I can’t expect everything – because I can’t always be sure I’m right

May 12, 2009 10:25 am

By Paul Halsall / @PaulBHalsall

Good on Danny Finkelstein for posting this in The Times.

“Here are a few positive things I think about MPs:

* I think most work very hard, putting in long hours and working weekends. There may be other jobs that are harder, or less well paid, or more inconvenient. But this doesn’t detract from the hard work MPs do.

* I think many now do good community work, and are in touch with their constituents’ difficulties. This is not universal, but it is common.

* I think Britain is a stable, peaceful, democratic society and that MPs play a role in this”.
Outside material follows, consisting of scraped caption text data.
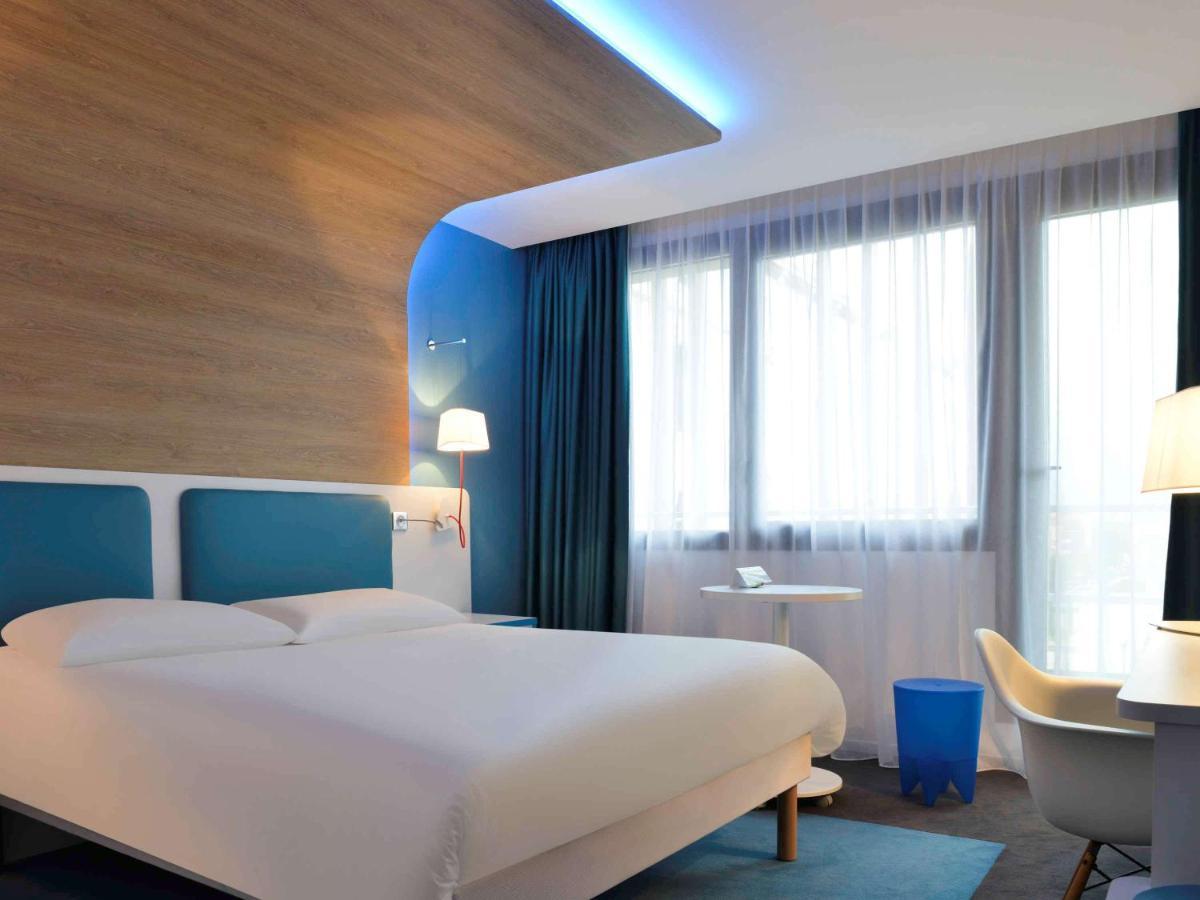 מלון Ibis Styles Montelimar Centre מראה חיצוני תמונה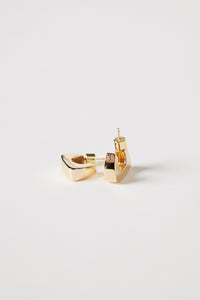 Chroma Earring Gold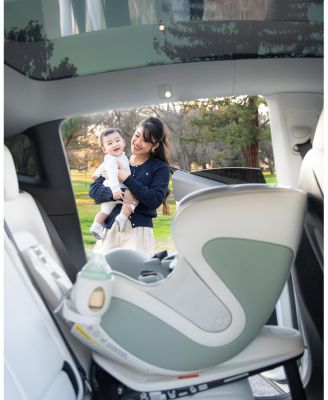 Smart Car Seat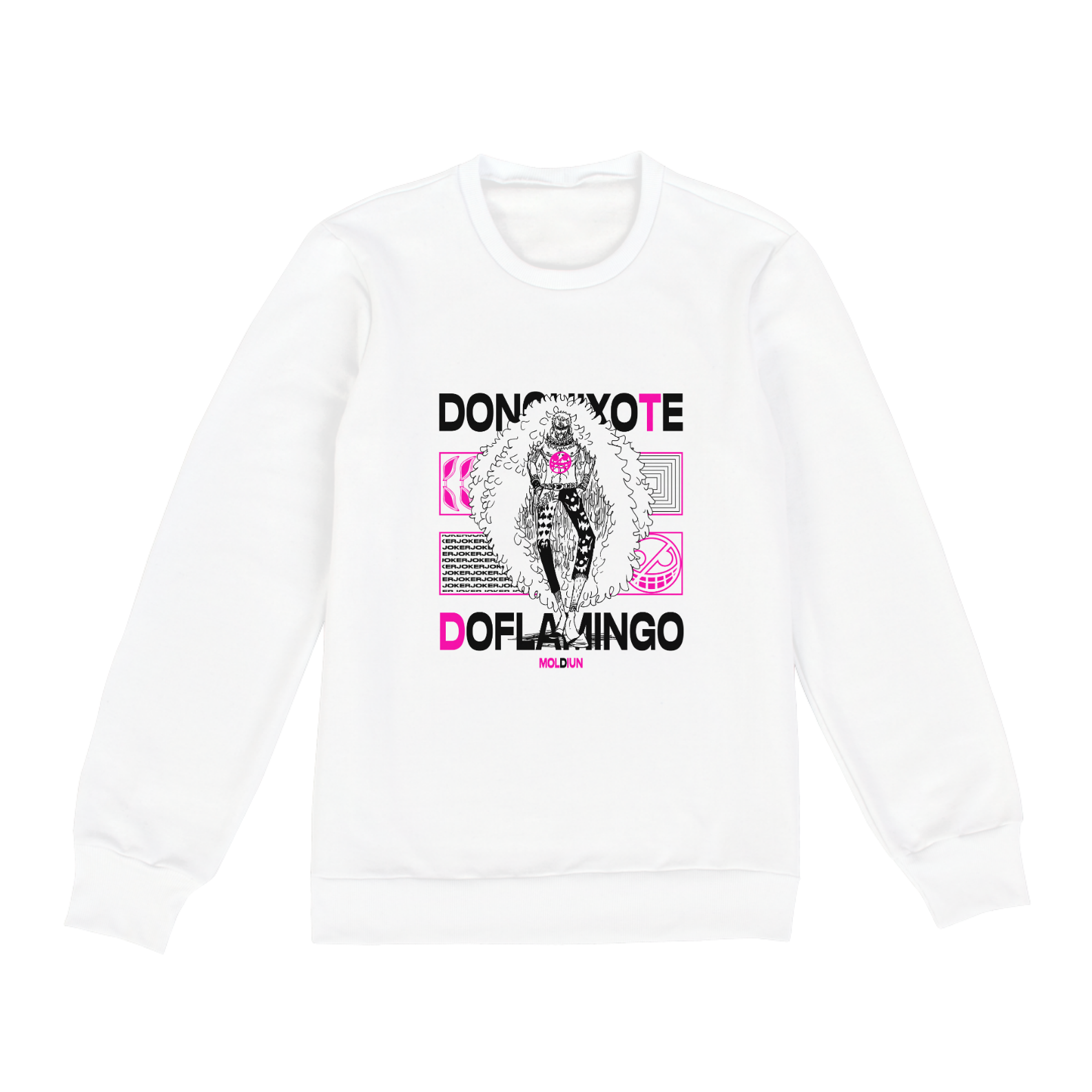 Doflamingo v.3 - One Piece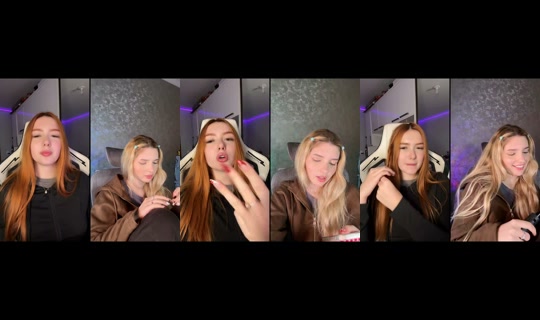 fernandahanzen TikTok Live — Oct 5, 2026, 2:32 AM
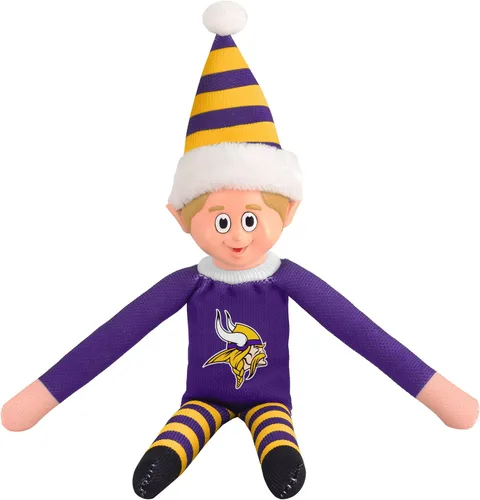 Vista 3 de FOCO Elfo del equipo NFL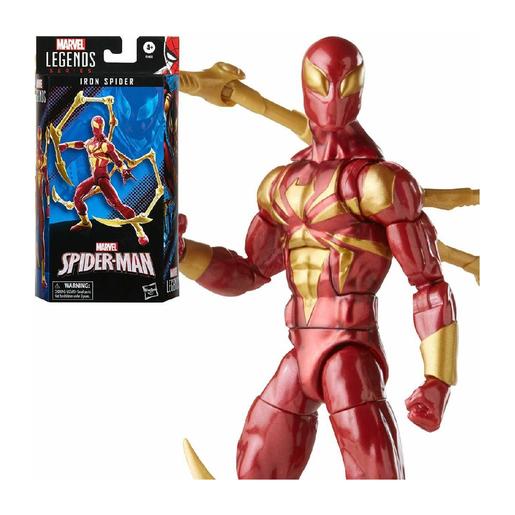 Spider-Man - Iron Spider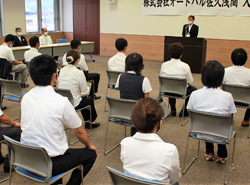 「農業機械事業を子会社に移管」の画像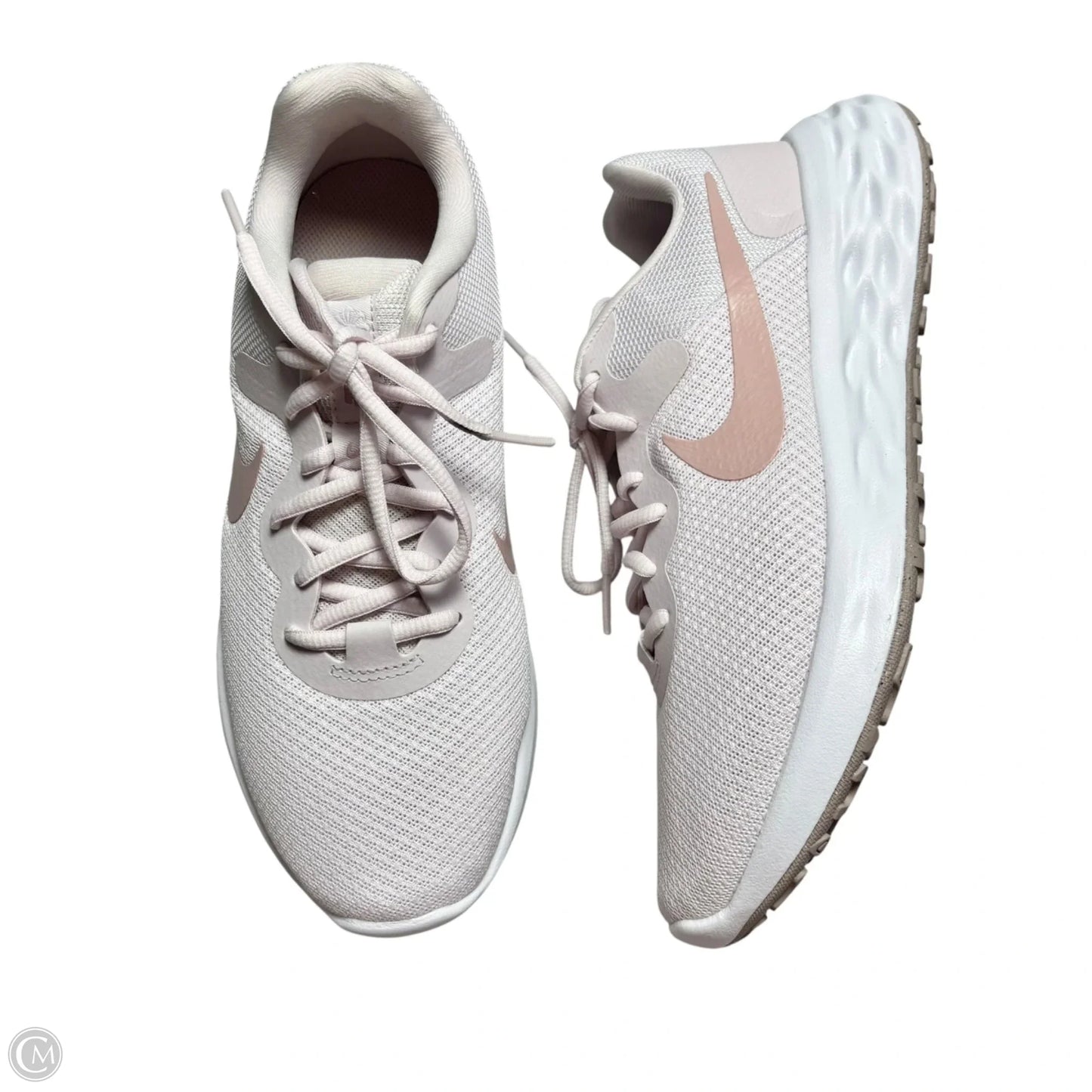 Shoes Athletic By Nike In Pink, Size: 8.5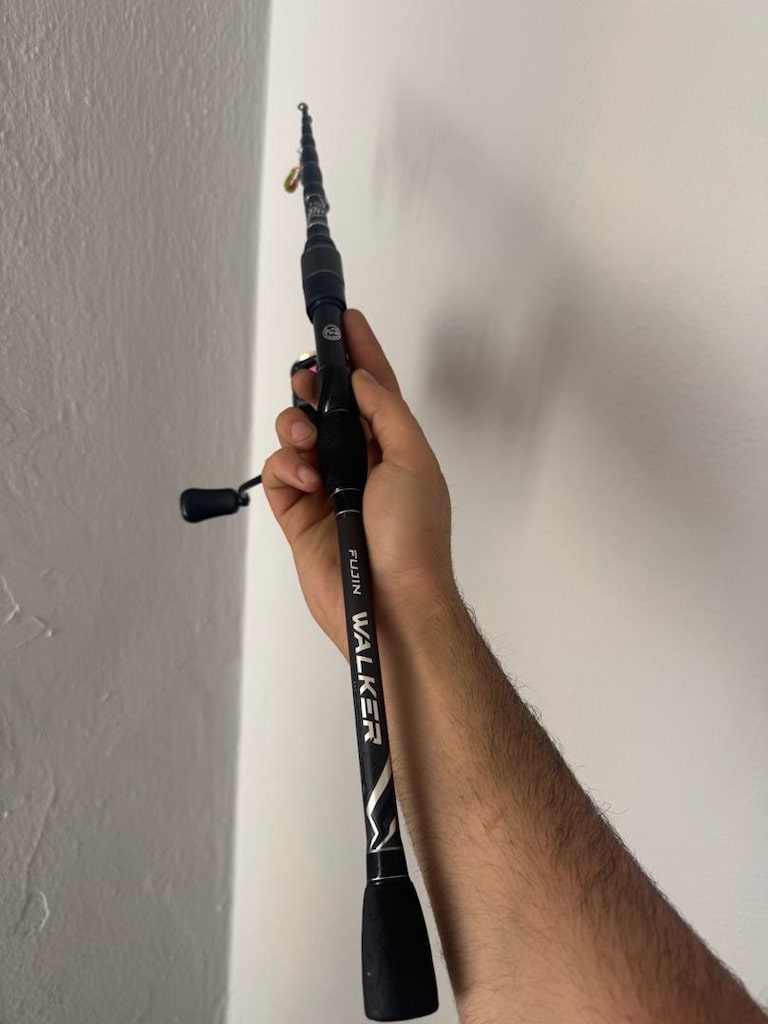 FUJİN WALKER 240cm - 2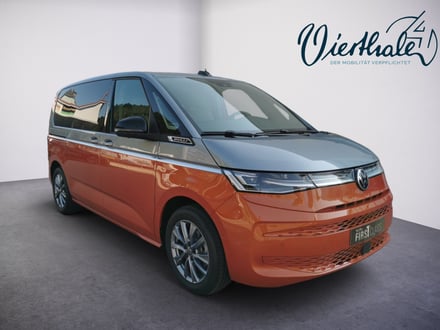 VW Multivan Style TDI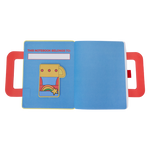 Loungefly Hallmark Rainbow Brite Rainbow Journey Lunchbox Notebook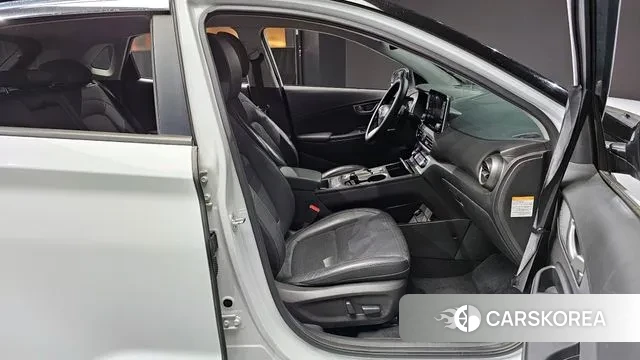 Hyundai Kona Electric id 3552755 из Кореи 20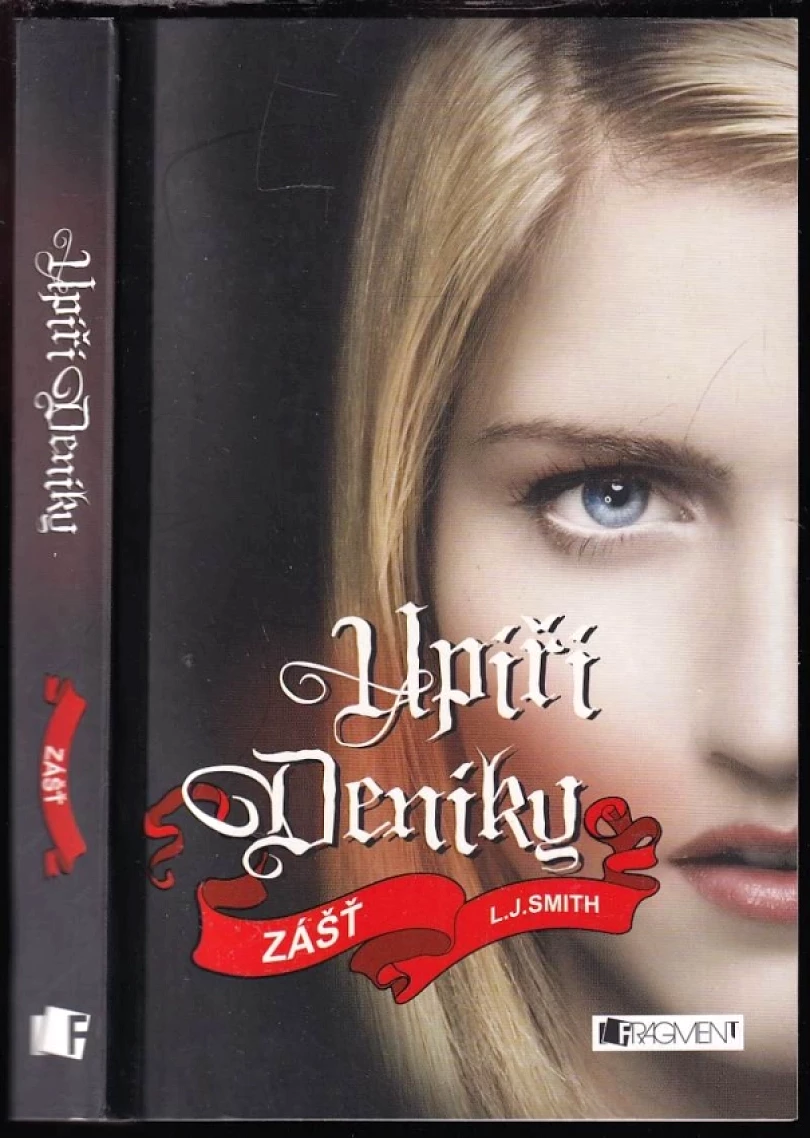 Levně Upíří deníky (L. J Smith, 2010)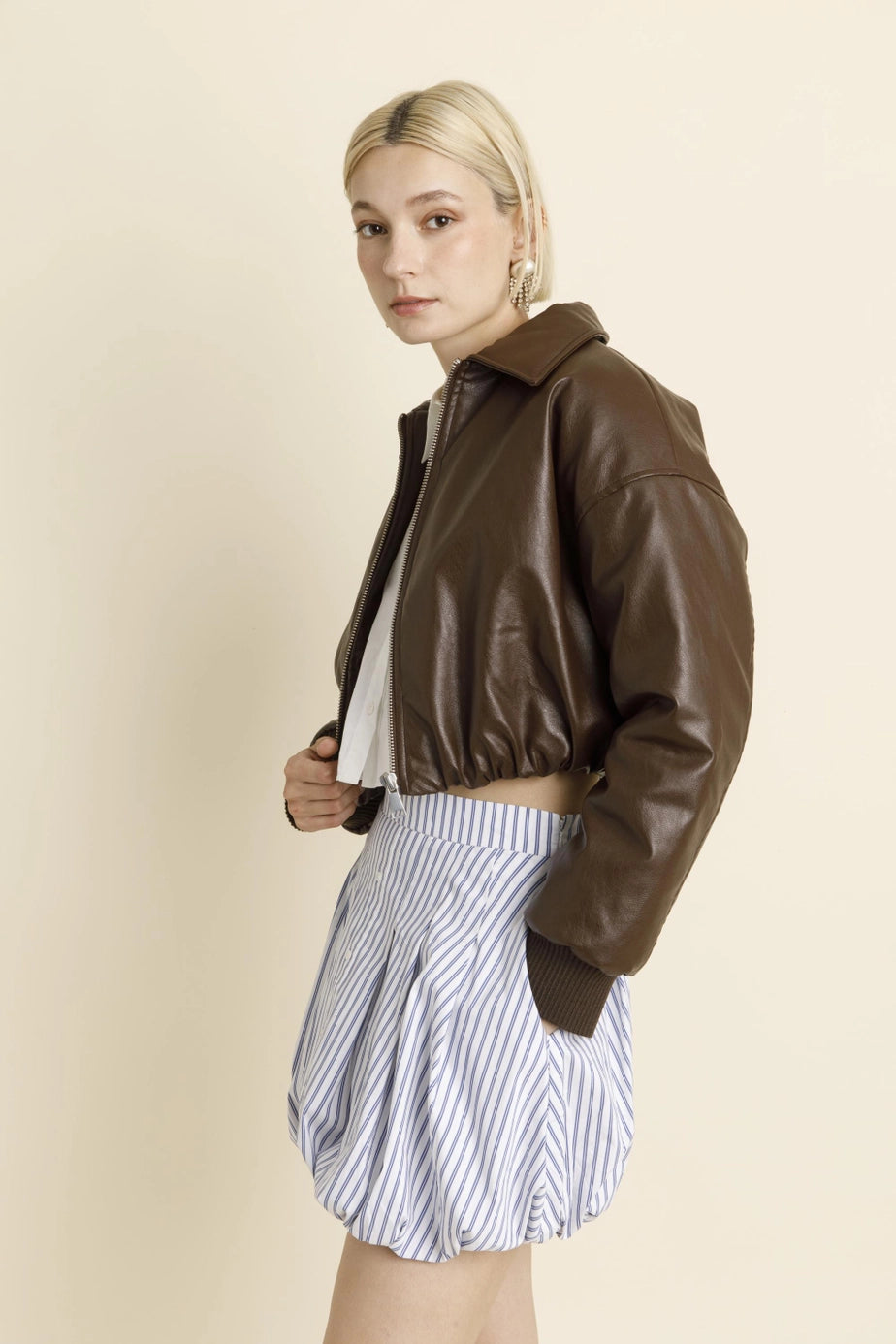 The Rae Padded Jacket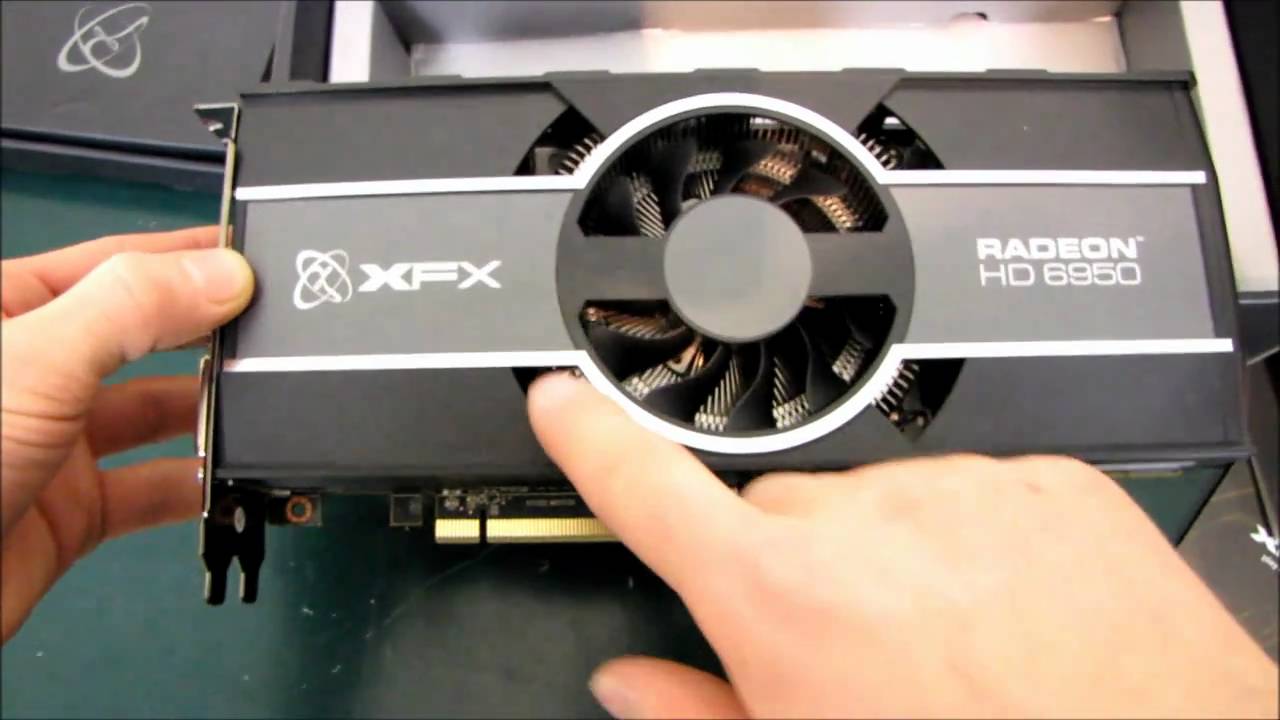 XFX RADEON HD 6950 2GB WINDOWS VISTA DRIVER DOWNLOAD
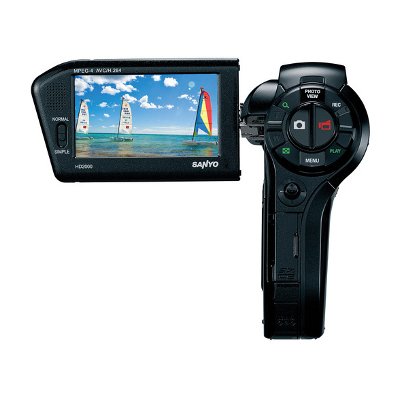 Sanyo Xacti VPC-HD2000 Camcorder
The last point is especially important. I have spent a good part of my life abroad, and people here do not know how good we have it here. Of course there are things to get annoyed about, but nothing and nowhere will ever be perfect. Even if my personal political agenda were fully implemented by this or the next government, things would still go wrong. Mainly because I cannot be sure I am absolutely right about things; and even if I am, the law of unintended consequences will guarantee that future problems will arise.

What’s true for me, is true for everyone else.

As to my personal MP – it’s Ivan Lewis (Lab., Bury South). I have met him a number of times, and I probably write to him more than he wishes, but he has unfailingly responded, even when I have raised entirely abstruse points.